By default Traceprop uses an in-memory store. For persistence:

```python
# SQLite
from traceprop.stores.sqlite_store import SQLiteStore
store = SQLiteStore("lineage.db")

# PostgreSQL
from traceprop.stores.postgres_store import PostgresStore
store = PostgresStore("postgresql://user:pass@localhost/mydb")
```

---

## Examples

- [`examples/full_pipeline_demo.py`](examples/full_pipeline_demo.py) — full end-to-end demo: two hospital CSVs → preprocessing → training → attribution → unlearning → compliance report
- [`notebooks/tabular_logistic_lds_colab.ipynb`](notebooks/tabular_logistic_lds_colab.ipynb) — LDS benchmark on Adult Income (Colab, CPU)
- [`notebooks/cifar2_resnet9_lds_colab.ipynb`](notebooks/cifar2_resnet9_lds_colab.ipynb) — LDS benchmark on CIFAR-2/ResNet-9 (Colab, GPU T4)
- [`notebooks/homecredit_multisource_provenance_colab.ipynb`](notebooks/homecredit_multisource_provenance_colab.ipynb) — multi-source provenance case study (3-table credit risk data)

---

## Project structure

```
traceprop/
  __init__.py            # public API
  tensor.py              # ProvenanceTensor (NumPy wrapper)
  graph.py               # lineage DAG
  query.py               # ProvenanceView
  interceptor.py         # op-level interception
  granularity.py         # Granularity modes
  compression.py         # ProvRC range compression
  exporters.py           # Parquet / OpenTelemetry exporters
  exceptions.py
  attribution/
    training_context.py  # TrainingContext, GradientStore
    gradient_store.py    # sparse JL projection
    influence.py         # compute_influence_scores
    attribution_engine.py
    streaming_context.py # online / continual learning
  backends/
    numpy_backend.py
    torch_backend.py
    jax_backend.py
  stores/
    memory_store.py
    sqlite_store.py
    postgres_store.py
  compliance/
    eu_ai_act.py         # EU AI Act Article 26 report generator
  unlearning/
    gradient_correction.py
  valuation/
    knn_shapley.py
  _c_ext/
    graph_ops.pyx        # optional Cython acceleration
```

---

## Contributing

Issues and pull requests are welcome.

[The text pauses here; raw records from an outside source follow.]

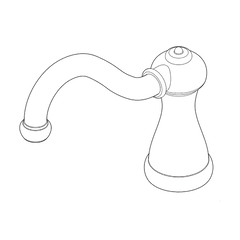 189924201.webp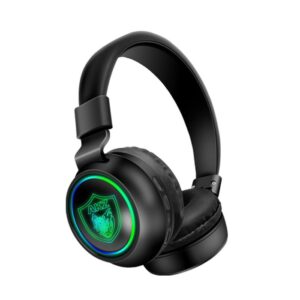 AKZ GM-C2 Oyun Kulaklığı Bluetooth Kulaklık BT5.0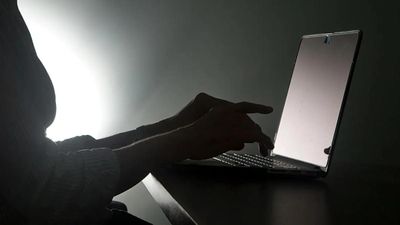 Google cảnh báo tin tặc dùng AI săn lỗ hổng bảo mật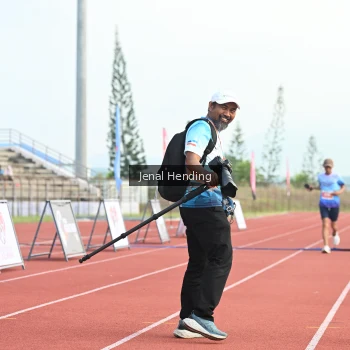 Runner Photo 4920951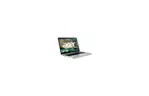 Ноутбук Acer Aspire 3 A315-43 (NX.K7UEU.00B)
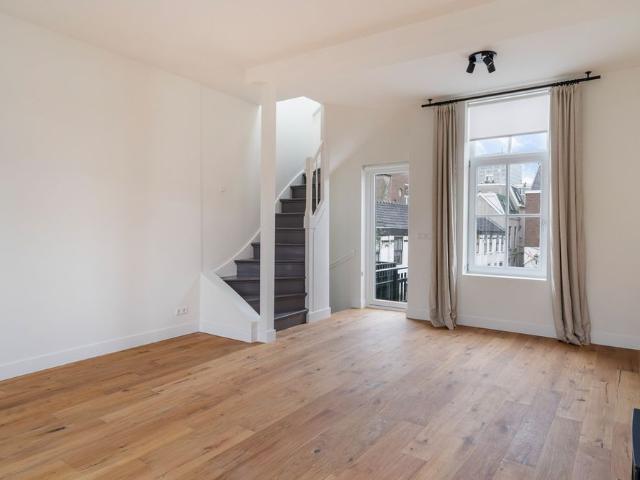 Nieuwe Schoolstraat 111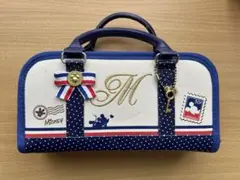 Item thumbnail for item 0cb52dc0-f0f8-40f7-8f1d-2a69d372fcdf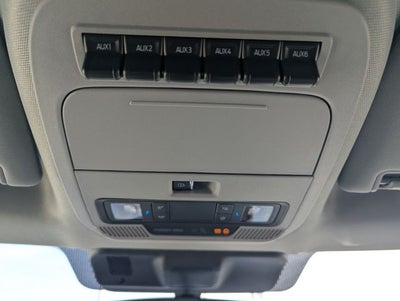 2026 Ford F-250SD XL STX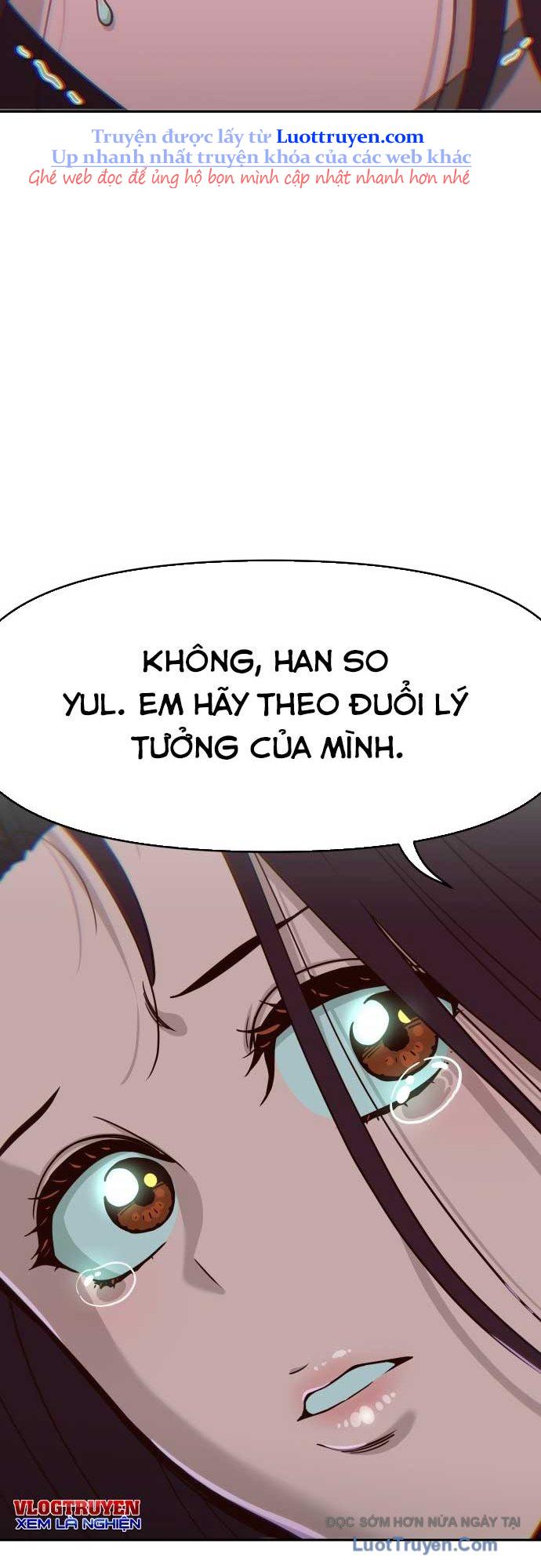 Unluck Chapter 65 - Trang 2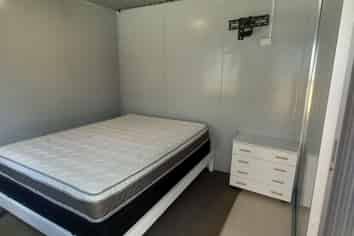 1/29 Fellbrook Street, Manurewa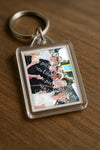 Evenement foto: Serie 2560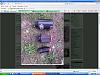 Clic en la imagen para ver su versin completa. 

Nombre: BMC CDA.JPG 
Visitas: 386 
Tamao: 222.5 KB 
ID: 42810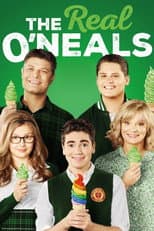 Season 2 poster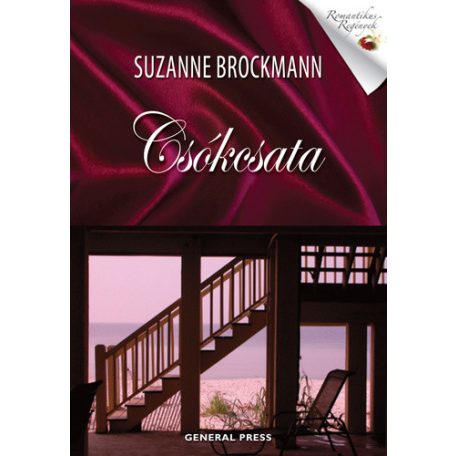 Csókcsata (A)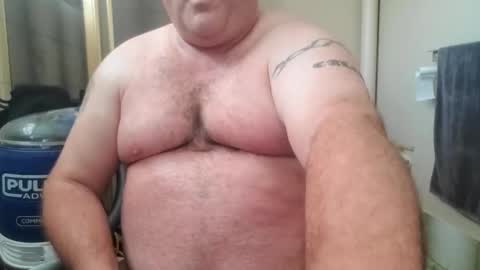 adamlucas54321s773712 online show from 8, 11, 2025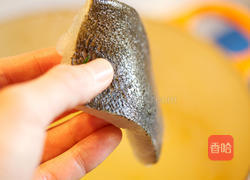 海鲜调味饭的做法图解10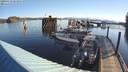 ./images/quadra/hbidock/20200412/hbidock20200412_083000M.jpg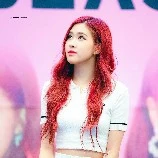 Rosé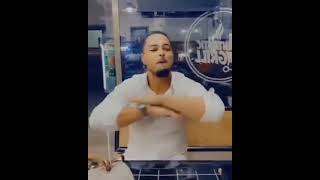 VanVicker vibes to abule by Patoranking [upl. by Kapoor776]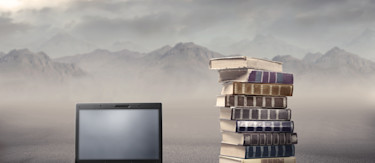 article.featuredImage.altText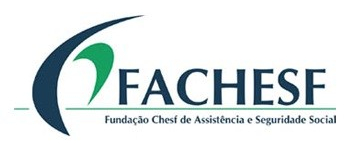 FACHESF: AS AMEAÇAS AOS PLANOS DE SAÚDE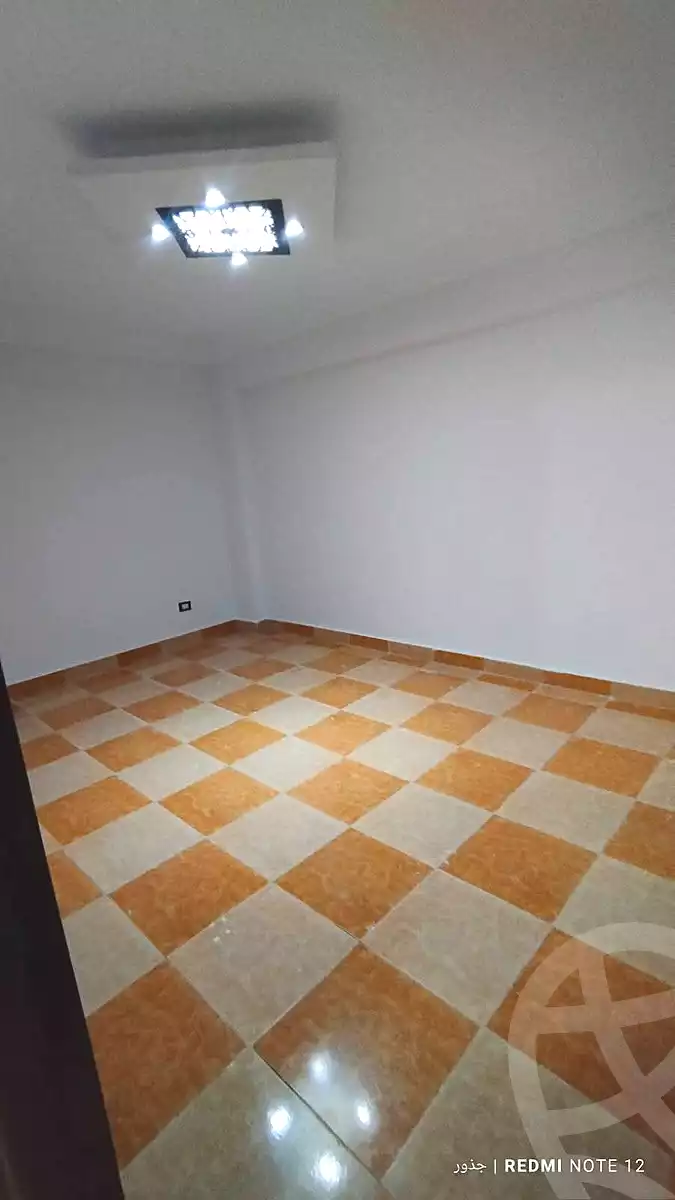 https://aqarmap.com.eg/ar/listing/6830610-for-sale-alexandria-lsywf-el-falki-street-16-el-eslah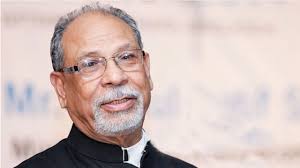 আব্দুল লতিফ সিদ্দিকী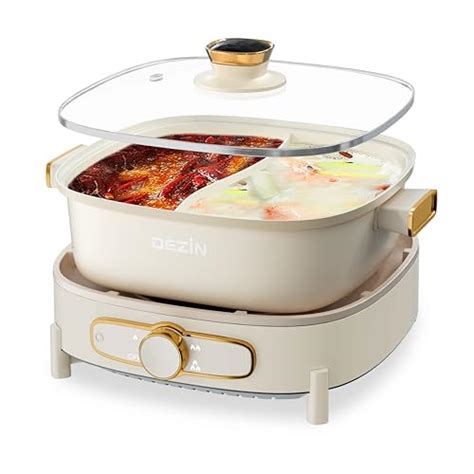 Top 5 Best Hot Pot 2025 Pixelfy Blog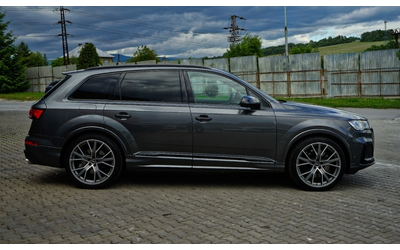 audi-sq7-sq7-4-0tdi-quattro - 3
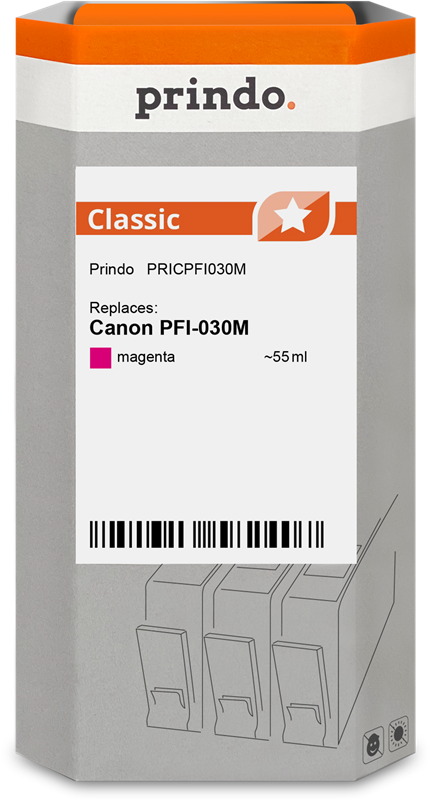 prindo-classic-magenta-druckerpatrone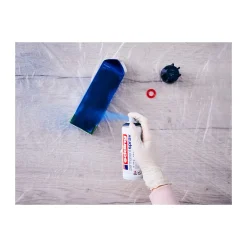 Edding  Sprühkopf-Set 5200N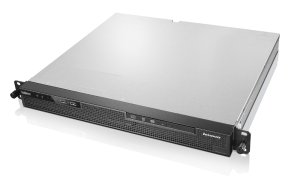 Intel Xeon E3-1226 v3 (8M Cache, 3.3GHz), 32GB DDR3 1600MHz, 3600GB SAS HDD, Intel HD Graphics P4600, Gigabit Ethernet, DVD±RW, 300W, 1U Rack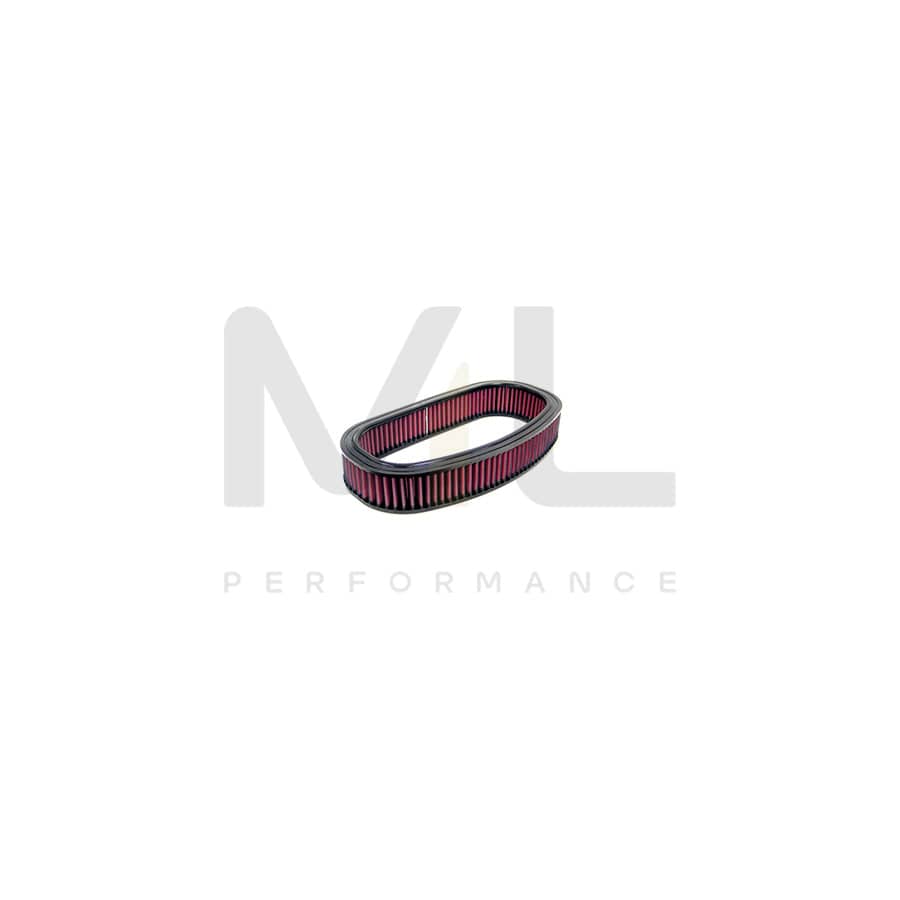 K&N E-9180 Replacement Air Filter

Please open an issue before submitting a large PR.

```bash
git clone https://github.com/AmitoVrito/Traceprop.git
cd Traceprop
pip install -e ".[dev]"
pytest
```

---

## Citation

If you use Traceprop in research, please cite:

```bibtex
@article{nautiyal2027traceprop,
  author    = {Amit Nautiyal},
  title     = {{Traceprop}: Computation-Level Data Lineage, Gradient Attribution,
               and Provenance-Guided Unlearning in Production {ML}},
  journal   = {Proceedings of the VLDB Endowment},
  volume    = {20},
  year      = {2027},
  doi       = {10.5281/zenodo.20036000},
  url       = {https://zenodo.org/records/20036000},
  note      = {Submitted to PVLDB Vol. 20 (VLDB 2027).
               Software: https://pypi.org/project/traceprop/}
}
```

The accompanying paper is submitted to the **Proceedings of the VLDB Endowment, Volume 20 (VLDB 2027)**. A Zenodo preprint is available at **https://zenodo.org/records/20036000** (DOI: 10.5281/zenodo.20036000).

---

## License

Apache 2.0 — see [LICENSE](LICENSE).